What is needed:
Pictures do not belong in the copy; quote every entry below exactly.

Data extracts:
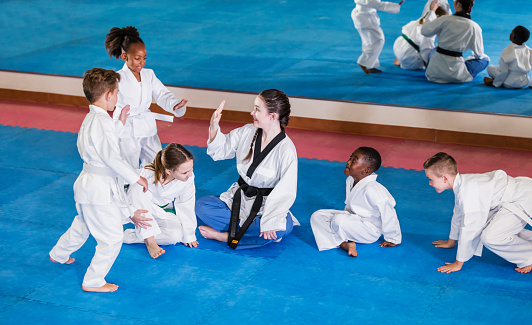 A multi-ethnic group of five children, 6 to 9 years old, taking a taekwondo class. The female instructor is sitting on the floor, giving high fives to the children who are joining her as the class starts.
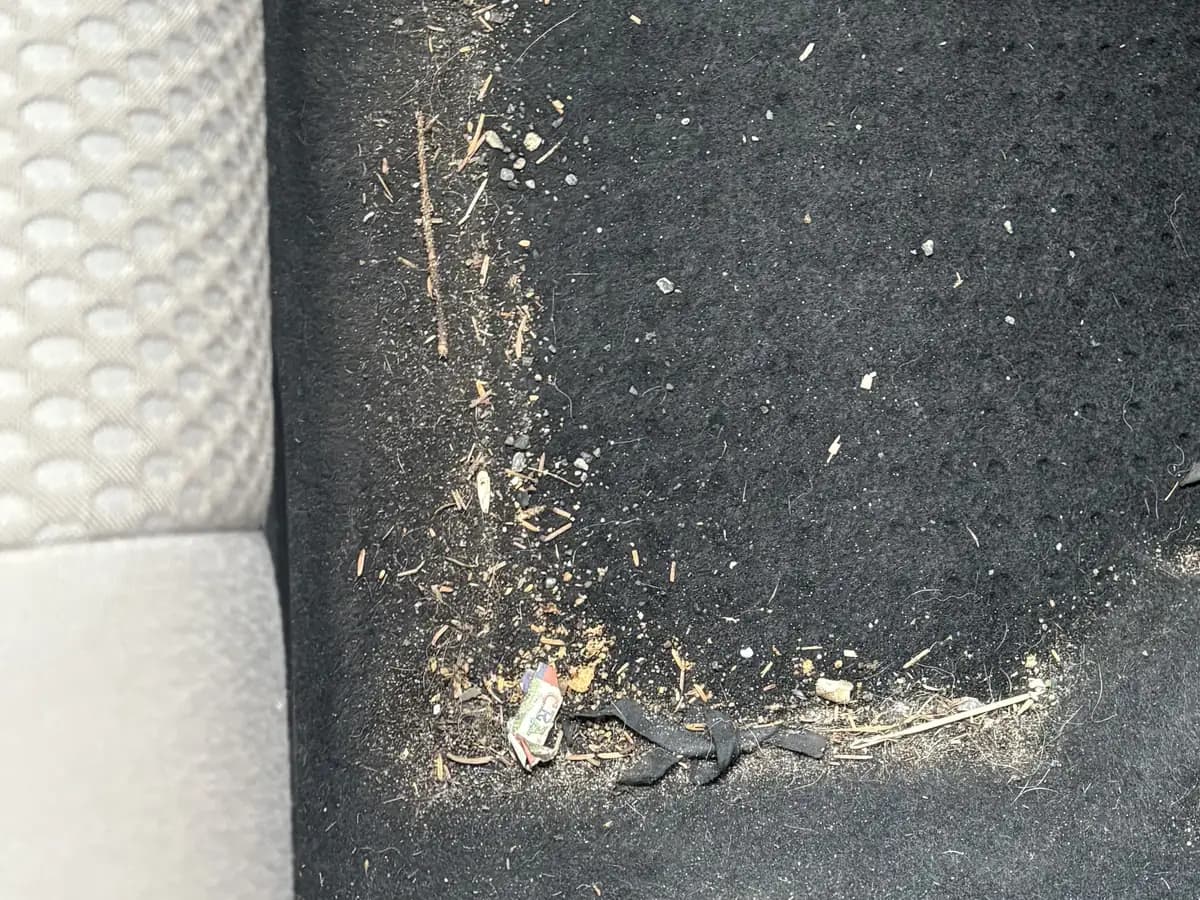 Rear footwell, before and after a full interior detail, before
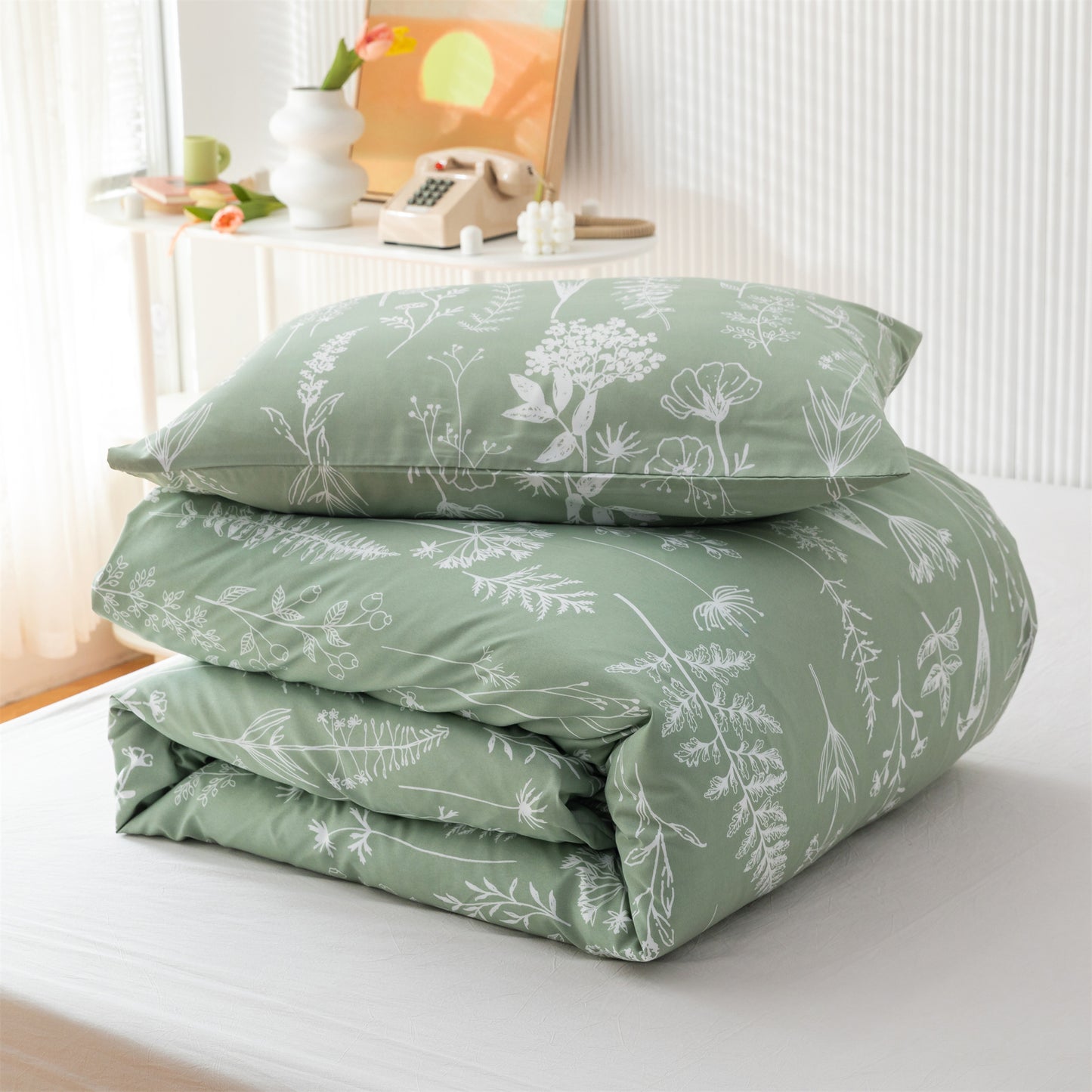 SPRINDAY 3 PCS Floral Soft Microfiber Comforter Set Comforter Included，Full Size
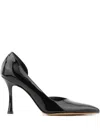 Paul Warmer D'orsay Leather Pointed-toe Pumps In Black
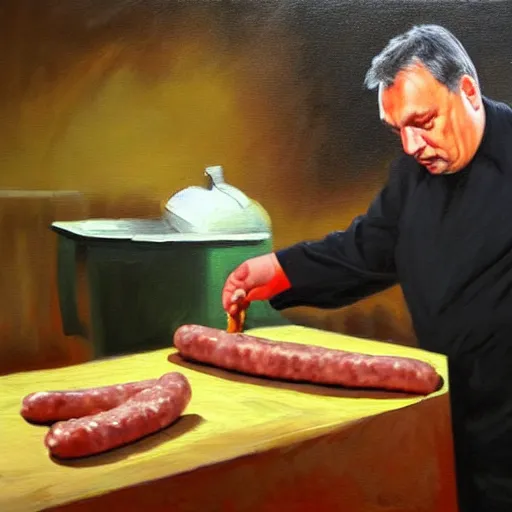 Image similar to viktor orban making sausage, oil painting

Written response:
 A multi-ethnic group of five children, 6 to 9 years old, taking a taekwondo class. The female instructor is sitting on the floor, giving high fives to the children who are joining her as the class starts.
 Rear footwell, before and after a full interior detail, before
 SPRINDAY 3 PCS Floral Soft Microfiber Comforter Set Comforter Included，Full Size
 Paul Warmer D'orsay Leather Pointed-toe Pumps In Black
 Image similar to viktor orban making sausage, oil painting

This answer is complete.